Professional golfer Payne Stewart died Monday in a tragic plane crash in South Dakota, and with that loss, the world of professional golf -- and professional athletics in general -- has lost one of the greatest sportsmen it ever had.

Sure, fans and athletes alike will miss his antics on the course, his fierce yet composed competitive nature, and his throwback style of dress. But Stewart's struggles in life and with the game should be remembered and looked at as a lesson in making life work to your advantage, one hole at a time.

Learning to shoot a perfect free throw is difficult, but perfecting a golf swing almost seems like it has to be related to some kind of genetic predisposition. For those like Stewart, with the remarkable ability to make the impossible seem simple, the mental stress starts from the first moment on the course and fails to cease until the golfer's dying day.

Stewart was no exception.
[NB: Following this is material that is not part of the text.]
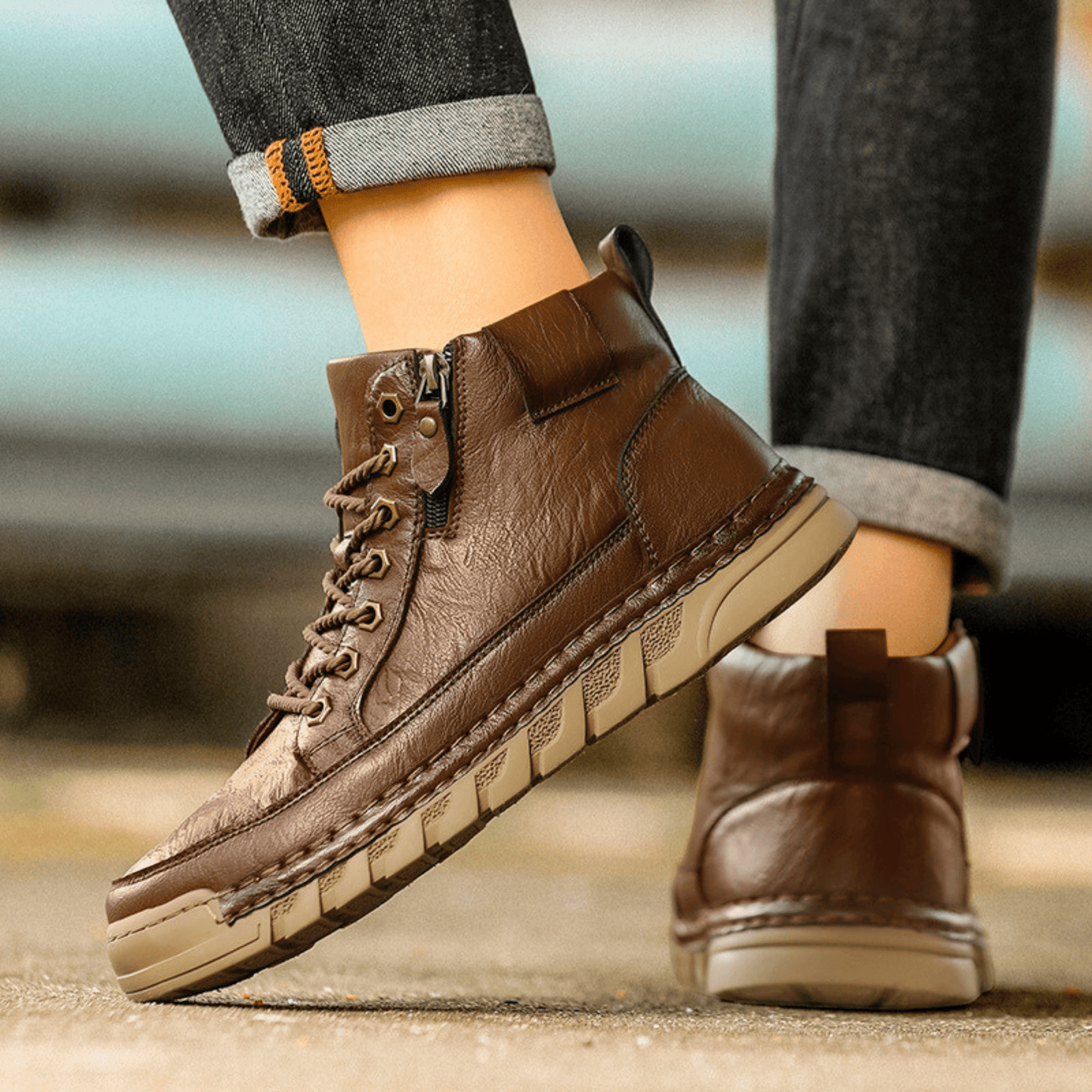 LUXSSE | BOTTES EN CUIR POUR HOMME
He failed to make the cut in the Disney Classic, the last tournament in which he played. He was on his way to the next when he died. This setback, however, was nowhere near as devastating as some of his past struggles.

Stewart's career suffered an eight-year drought from 1991-99, during which he won only one tournament. But leave the Tour he did not. He continued to play, decked out in knickers, tam-o'-shanter hat and, many times, the colors of the tournament city's professional sports teams. For eight long years he watched new, younger players take the trophies, titles and prize money that once had been so easy for him to win. He watched the game of golf reaching a new, more youthful crowd, but even at 42, Stewart was as fired up about each hole as a rookie at his first tournament.
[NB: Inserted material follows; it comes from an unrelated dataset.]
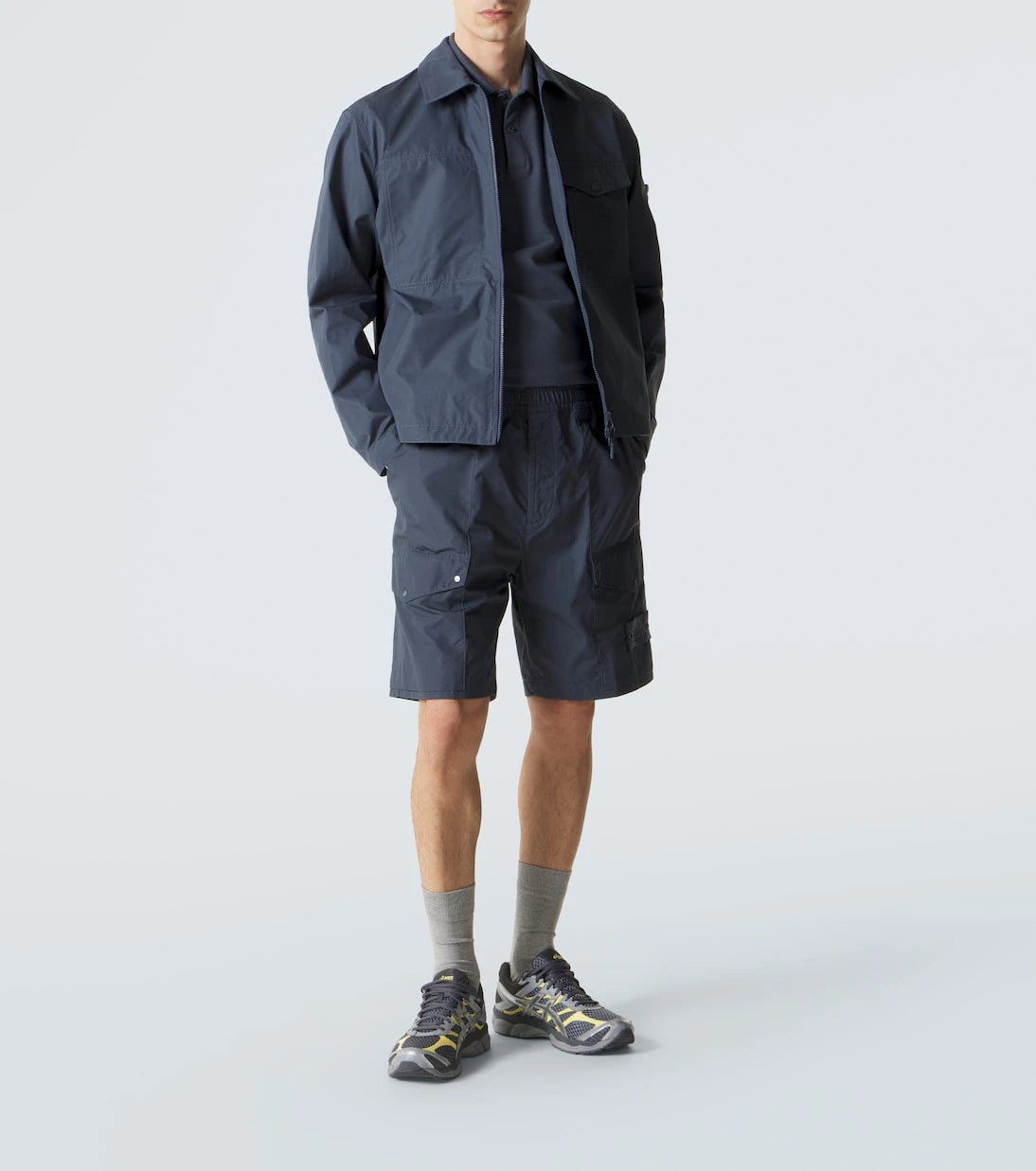 Stone Island - Pamuklu polo kazak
His enthusiasm and love and respect for the game came full circle when, in June, he won his second U.S. Open with a 15-foot putt to win. He was then named to the Ryder Cup team that won in international competition and set records for the largest comeback victory in Ryder Cup history.
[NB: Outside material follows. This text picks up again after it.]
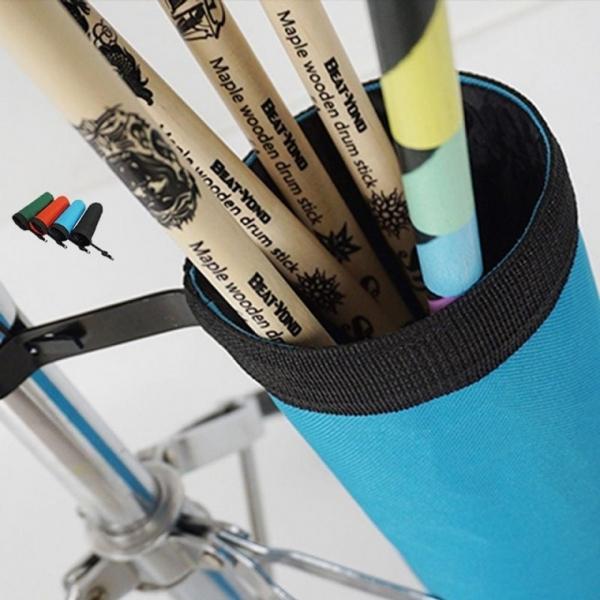 주머니형 드럼스틱홀더 보관함 케이스 가방 케이스 드림 꽂이 주머니형 걸이 수납 스틱 홀더 악기 파우치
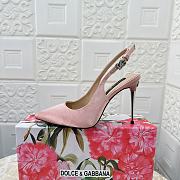 Dolce & Gabbana Satin Pumps Pink 105mm - 6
His career seemed to pick up right where it had left off, but much had changed Stewart during his down years. Most of all, he learned to keep his life in perspective. When he was on the course, he was a golfer. When at home he was a father and a husband. It seemed that he knew exactly how to give to each part of his busy life the amount of attention it truly deserved.

Perhaps he learned to do that by looking more closely at the game that he so loved. Golf can be one of the most poignant metaphors for life. Ask any athlete and they probably will talk for hours about how their game describes life perfectly. But golf outlines the manner in which life should be lived -- with etiquette, patience and dignified competitive spirit.

Golf teaches a person to examine and deal with each endeavor as it comes, while looking ahead to the next move. It stresses patience at all times, because, over an 18-hole course, your score, attitude or the weather can change for the better at any time.

I've learned a lot about life from watching Stewart's career, with its highs and lows. I've learned to stay patient if that big test didn't quite go my way, wipe the slate clean, and focus my attention on acing the next one. The hardest lesson to understand is that college is just one hole on the course. If everything doesn't go well here, we all pretty much have the whole back nine of life to turn things around.

Throughout his career, Payne Stewart showed us that life can feel like a constantly stormy day at Pebble Beach. But as the world of golf mourns his death, we can't help but realize that, if you work for it, there's a hole-in-one along the way for everyone.